DID HE OR DID HE NOT FLEE THE GODDAMN CITY?! WHAT IS HE DOING BACK IN HIS HOUSE?? Author: 1. Consistency: 0.
Damn! Jeff thought to himself. It was going to be hard avoiding all of the walkers outside, without taking some down, but that was too risky, what if other walkers heard? No, he had too come up with something, some kind of plan, it wasn’t safe anymore in Jeff’s house they had too find food, and fast.
You may have to sacrifice cardboard Lori to get out of this mess.
Lisa who was sitting by the kitchen table had a sad look on her face and looked at Jeff. “Dad, where is mommy?” She asked him. Jeff didn’t know what he would say, he hadn’t any contact with his ex-wife since the outbreak started, and Jeff feared the worst for her.
Why? He should be hoping the bitch got eaten. No more alimony!
“I don’t know sweet pea, but she is probably at her house, and she can’t come here for some reason, but don’t worry I’m sure she’s fine.” Jeff had lied about the last part, he had heard on the radio that things were really bad in downtown Boston, some said that it was even worse there then outside the city. But Lisa didn’t know that, she jsut nodded her head and became a little bit calmer.
Hadn’t everyone in the city fled, even though Jeff magically teleported back? I find it highly unlikely that in the middle of this chaos there’d be a dude sitting at the radio station broadcasting the news instead of getting his ass out of town.
A few days later Jeff had decided that he and Lisa would take his car that stood in the garage and was still in good function and take it too drive out from the city. Lisa became sad and angry that they didn’t look for her mother in the city, but Jeff had lied too her again and told her that they had to find a safe place first then they could look for her in the city.
The car stood in the garage? A tall-legged car would probably be useful here, especially one that’s “still in good function” after two weeks. Cars do tend to break down if not driven every four hours, as any leggy-car aficionado will tell you.
But Jeff knew that if his wife still hadn’t come and look for her family, she was most likely dead, or worse: one of the walkers…
Did they get remarried when I wasn’t looking? I thought it was his ex-wife. That logic is also pretty faulty. He didn’t go looking for his “wife,” so does that automatically mean he’s dead? And does it make me a bad person if I hope he is?
As a whole I found this chapter to be rather boring. Not a lot happened, and what did happen wasn’t very compelling. The author does admit in an author’s note that he’s aware some people may not have liked this chapter much because it was backstory and exposition, but to be honest I see that as a bit of a copout, and also the confirmation to one of the biggest no-no’s in fiction writing: don’t open with a fuckload of exposition. It’s a no-no for a reason; it’s so fucking boring.

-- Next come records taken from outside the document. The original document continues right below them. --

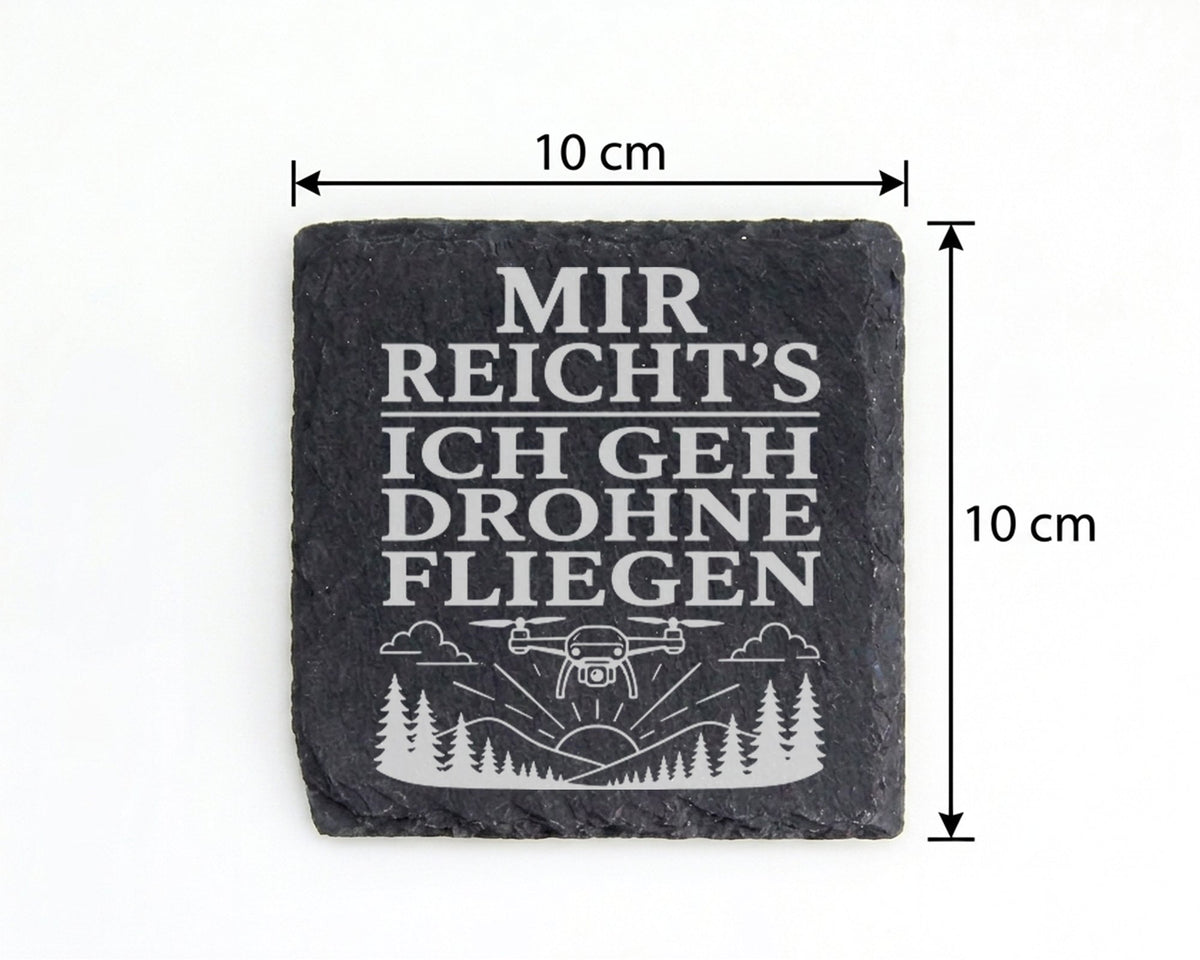 Schiefer Untersetzer Mir reichts ich geh Drohne fliegen - Geschenk für – Bild 4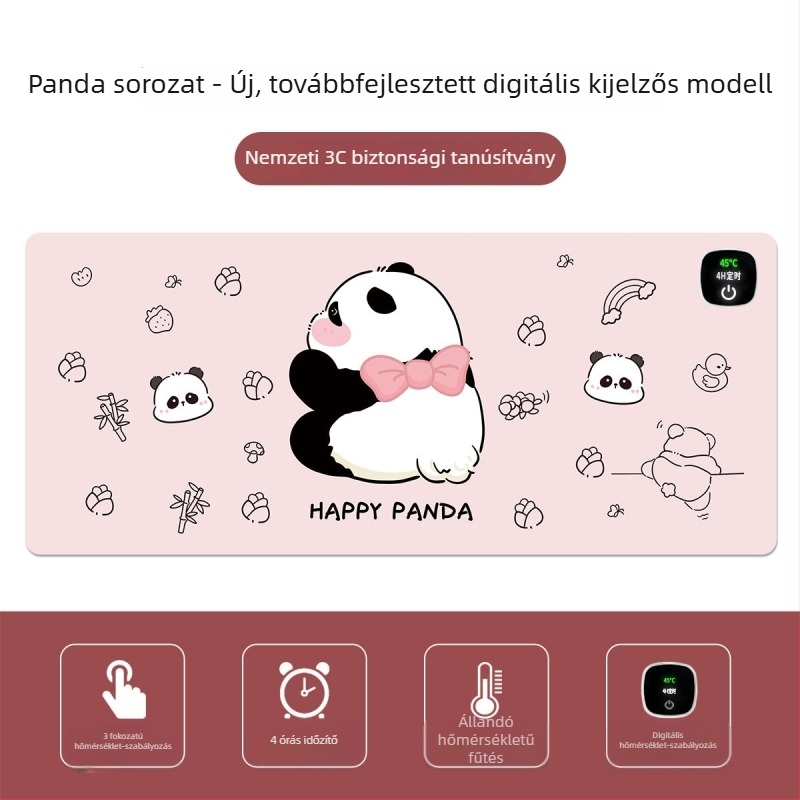 Panda fűtőpad egérpad – óriási asztali matrac számítógéphez, irodához és játékokhoz, méretek 60×30 cm, 80×30 cm vagy 90×40 cm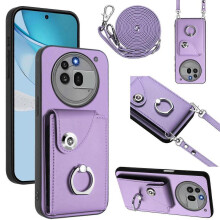 (For Nothing Phone 3a Pro, Purple) Organ Card Bag Ring Holder Phone Case with Long Lanyard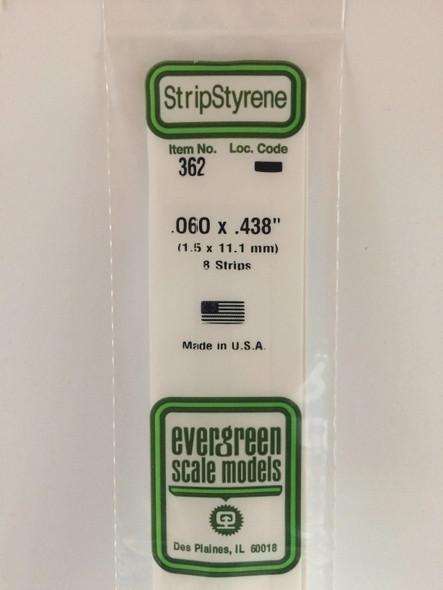 EVE362 - Evergreen Scale Models .060x.438 Strips"
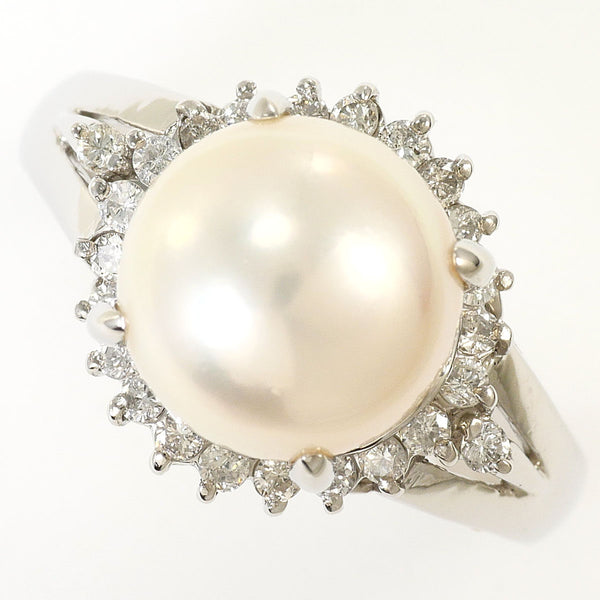 Platinum Pearl Diamond Ring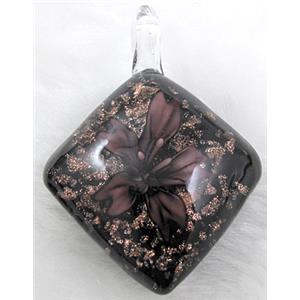murano style lampwork glass pendant with goldsand, flower, 32x45mm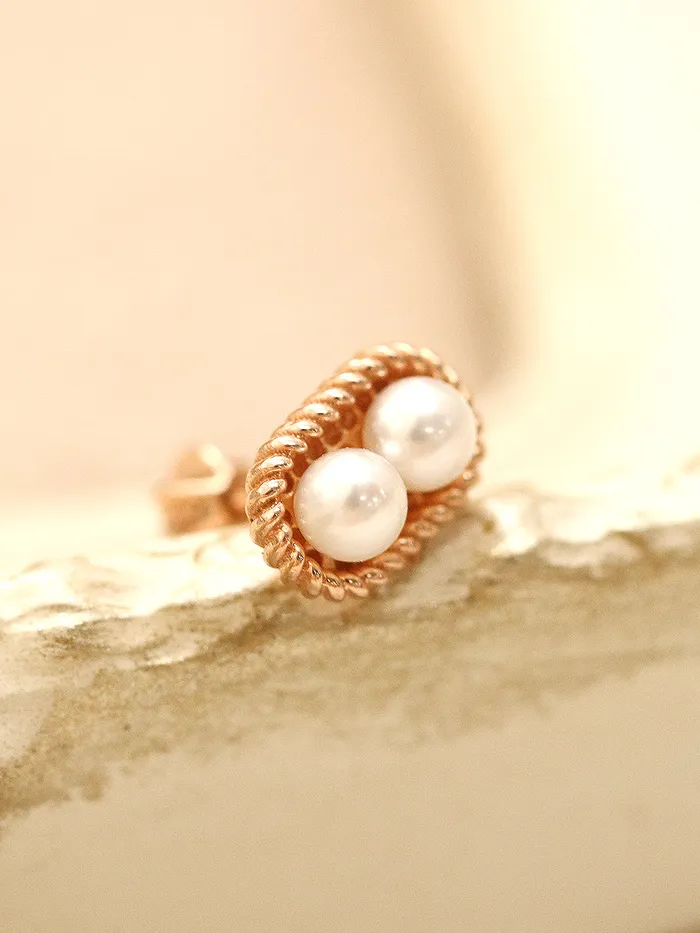Earrings 14K Gold Twist Double Pearl Cartilage Earring 18G16G MinimalBijoux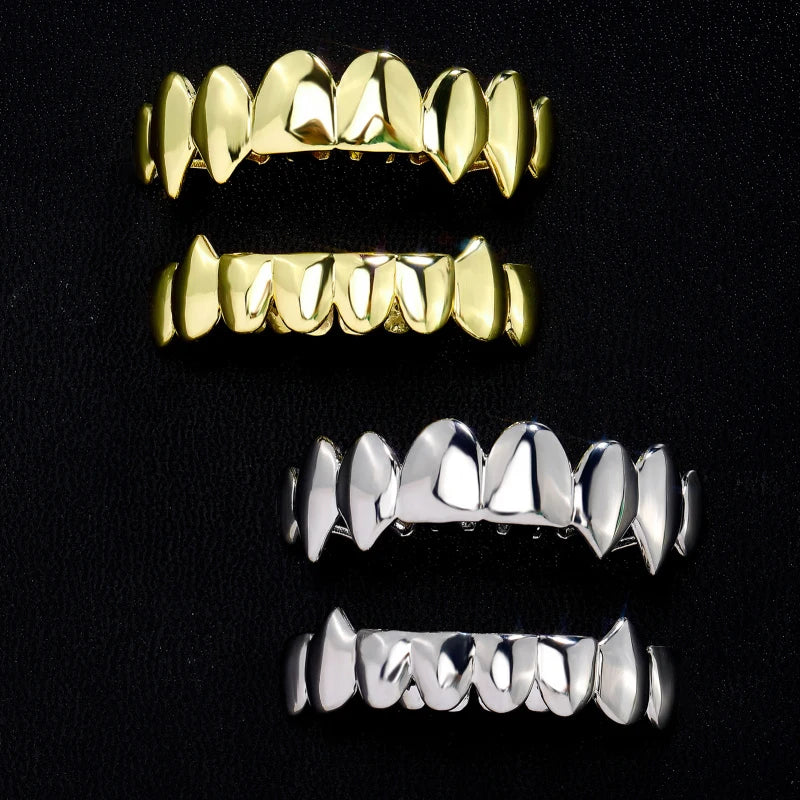 New Gold Top Bottom 8/8 Glossy Teeth Grillz Vampire Fangs Hip Hop Mouth Tooth Caps For Women Men Jewelry Halloween Cosplay Gift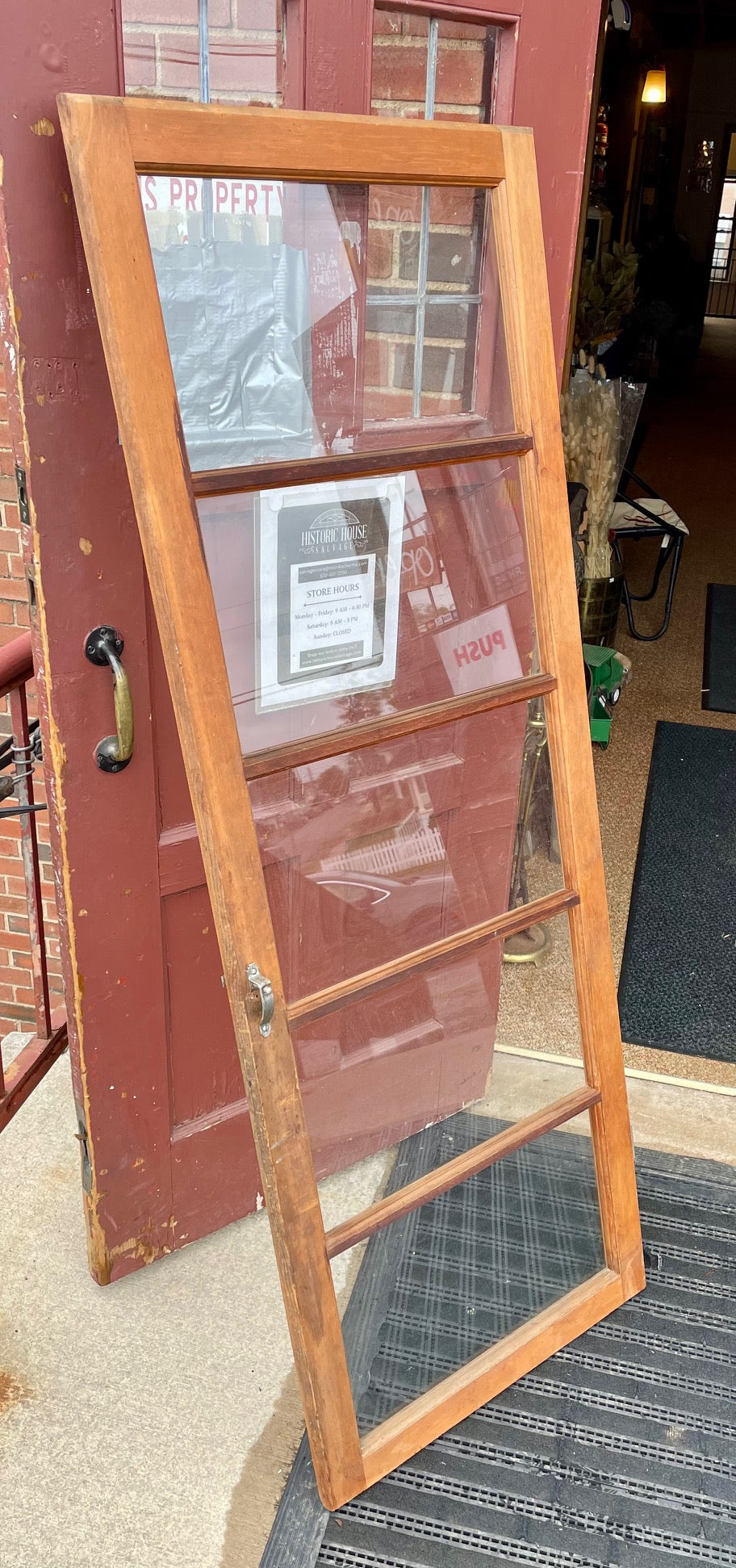 Vintage Wood Cabinet Door with Glass (Store Pick Up Only)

My complaints about the various contrivances aside, I do appreciate that a complex and flawed character was actually attempted here. So much of the fanfiction that I read contains nothing but absolutely perfect characters whose absolute perfection is challenged by the jealous and one-dimensional people they surround themselves with, and it’s refreshing to see someone at least try to give a character depth, regardless of whether or not they failed.
I suspect this is written by someone who speaks English as a second language, which would explain a lot of the issues with it. But all in all, I’d say he’s got an eye for detail, which I can’t say for most of the authors I read. If I were to make a suggestion, it would probably be to work on his pacing and learn to prioritize certain plot areas a little better. Glazing over the outbreak, the most important event in the opening chapter, was a huge mistake. There’s only so much that can be said about a damn cut finger, and this author exhausted that topic, that’s for damn sure. I wouldn’t be surprised if there’s nothing new to say about non-serious finger injuries for decades to come.